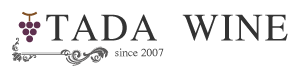 多田ワインは北海道上富良野の多田農園の自家栽培ワインです。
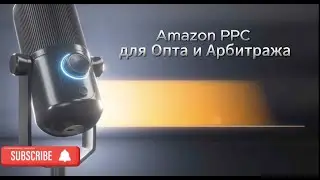 Amazon PPC для Опта и Арбитража | | Разбор-подкаст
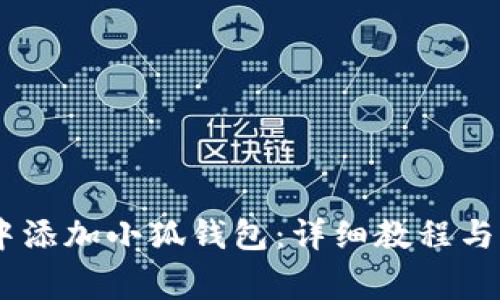 如何在CREO中添加小狐钱包：详细教程与常见问题解答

* The task:
The whole listing above is to be printed exactly; the pictures stay out.

* Response for this exercise:
 多田ワインは北海道上富良野の多田農園の自家栽培ワインです。
 Amazon PPC для Опта и Арбитража | | Разбор-подкаст
 如何在CREO中添加小狐钱包：详细教程与常见问题解答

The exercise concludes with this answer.